Facebook’s move to block ads from abroad ahead of the abortion referendum will not prevent organisations in Ireland using foreign funding for ads on the platform, it has emerged.
The social media giant said yesterday that it would be putting a block on all advertisements relating to the referendum that come from outside of Ireland.
Facebook was responding to criticism that unaccountable foreign advertising is gaining traction in the referendum campaign.
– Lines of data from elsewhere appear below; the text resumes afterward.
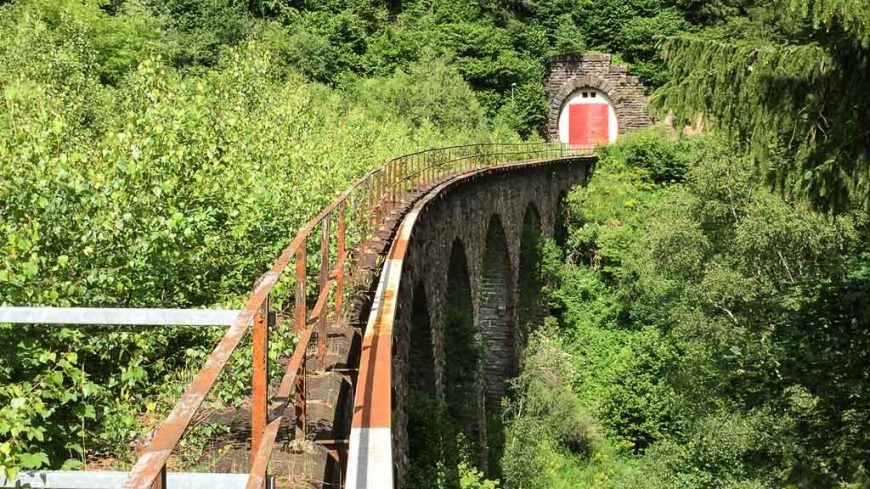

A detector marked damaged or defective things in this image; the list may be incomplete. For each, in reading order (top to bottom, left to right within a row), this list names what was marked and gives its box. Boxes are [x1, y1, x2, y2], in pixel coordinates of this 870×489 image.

rusty metal railing [122, 141, 588, 488]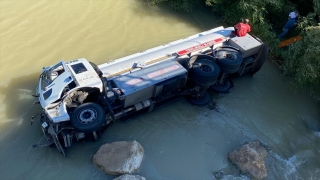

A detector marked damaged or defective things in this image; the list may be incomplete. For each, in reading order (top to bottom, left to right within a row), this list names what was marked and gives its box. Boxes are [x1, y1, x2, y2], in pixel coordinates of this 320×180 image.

overturned tanker truck [31, 26, 268, 155]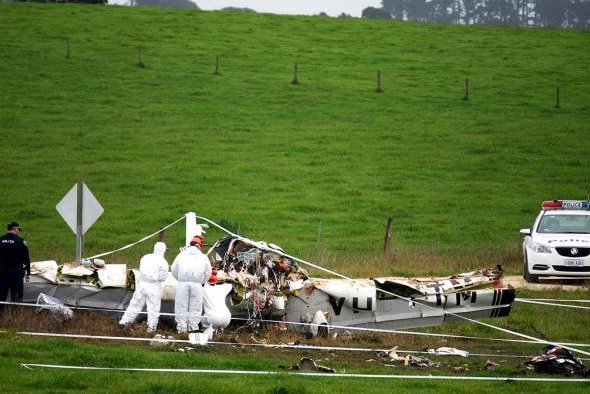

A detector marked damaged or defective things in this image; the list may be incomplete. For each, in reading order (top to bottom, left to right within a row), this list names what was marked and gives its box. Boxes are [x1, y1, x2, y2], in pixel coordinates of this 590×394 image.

wrecked plane [23, 212, 516, 336]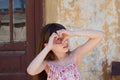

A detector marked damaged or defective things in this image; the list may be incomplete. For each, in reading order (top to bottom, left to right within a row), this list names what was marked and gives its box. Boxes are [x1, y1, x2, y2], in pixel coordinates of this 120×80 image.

cracked wall surface [45, 0, 120, 79]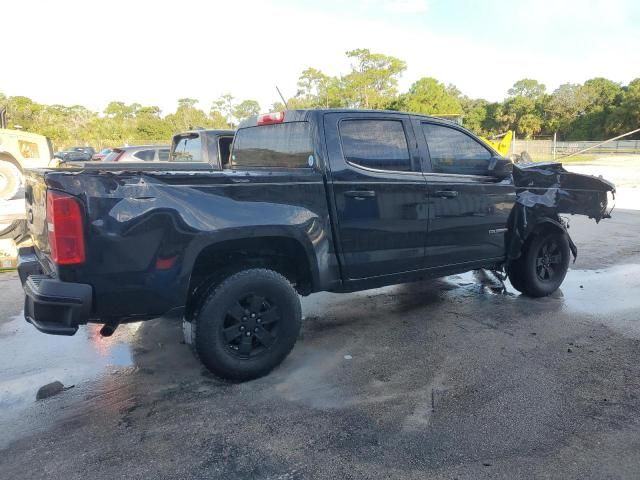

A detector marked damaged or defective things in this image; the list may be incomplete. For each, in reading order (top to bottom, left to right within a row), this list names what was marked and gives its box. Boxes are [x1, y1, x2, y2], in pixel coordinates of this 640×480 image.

damaged front fender [504, 163, 616, 262]
damaged hood [512, 161, 612, 221]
It also indicated that it will implement the same rule for future elections in Ireland, disallowing any ads that do not come from registered entities in Ireland.
The company said in a statement that the issue of organisations outside Ireland trying to influence the referendum is an issue it had been thinking about “for some time”.
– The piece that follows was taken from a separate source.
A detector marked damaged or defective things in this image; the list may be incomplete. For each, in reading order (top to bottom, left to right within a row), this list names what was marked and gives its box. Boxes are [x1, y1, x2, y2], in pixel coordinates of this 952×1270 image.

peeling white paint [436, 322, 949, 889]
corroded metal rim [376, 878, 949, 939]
“As part of our efforts to help protect the integrity of elections and referendums from undue influence, we will begin rejecting ads related to the referendum if they are being run by advertisers based outside of Ireland,” it said.
The company will rely on reports from established campaign groups relating to foreign-based ads. It will not be able to respond to reports or objections from the public, a spokeswoman said, as it does not yet have automated tools to respond to such communications.
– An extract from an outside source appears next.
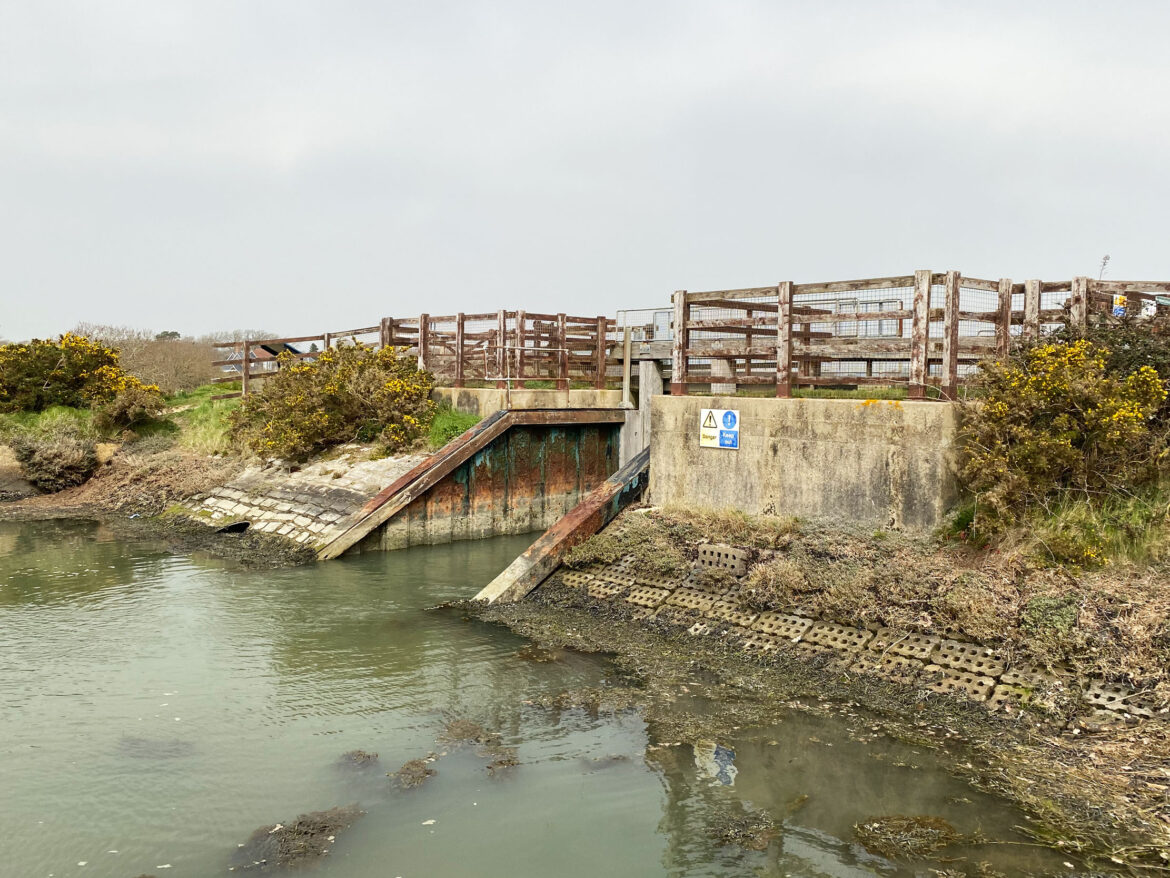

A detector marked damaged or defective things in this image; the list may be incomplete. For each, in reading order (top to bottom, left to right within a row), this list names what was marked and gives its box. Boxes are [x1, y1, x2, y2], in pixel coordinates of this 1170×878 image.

Facebook has previously committed to introduce such tools, but says they are not yet ready in time for the Eighth Amendment referendum.
However, the move will not prevent ads that are funded from abroad if they are placed through organisations located in Ireland.
“This change will apply to ads we determine to be coming from a foreign entity which are attempting to influence the outcome of the vote on May 25,” Facebook said. “We do not intend to block campaigns and advocacy organisations in Ireland from using service providers outside of Ireland.”
The move comes as Twitter has clarified that it will not allow any ads relating to the abortion referendum.
Minister of State for Trade, Business and the EU Digital Single Market Pat Breen said that most organisations in Ireland “are sensible” when asked about the lack of prevention of funding from abroad to organisations located in Ireland.
“Well, it’s a start and obviously that’s something we have to look at as well in the future in relation to that,” Mr Breen said.
“Most organisations here are sensible and we don’t have any problems I think with most of them in this country. The problem came from interference in elections in the US and in other areas as well. I think Google and Facebook and all the other social media companies out there will be responsible in relation to this and are facing the consequences that can happen as a result of this,” he added.
Mr Breen said he expects the Data Commissioner to work closely with Facebook to ensure there is no interference in elections or referendums. “It’s a start, it’s a good start. It’s as much as they can do at the moment, but we believe that the Data Commissioner will work closely with them in the future to ensure that Facebook remains independent and doesn’t interfere with what’s happening in the country,” he added.
However, Mr Breen said that there was “only so much these companies can do particularly in relation to stopping outside people interfering”.
Meanwhile, Google has announced a €150m investment in the expansion of its data centre operations in south Co Dublin. The move will see the creation of 400 new construction jobs in the 16 months it takes to build the facilities at Grange Castle.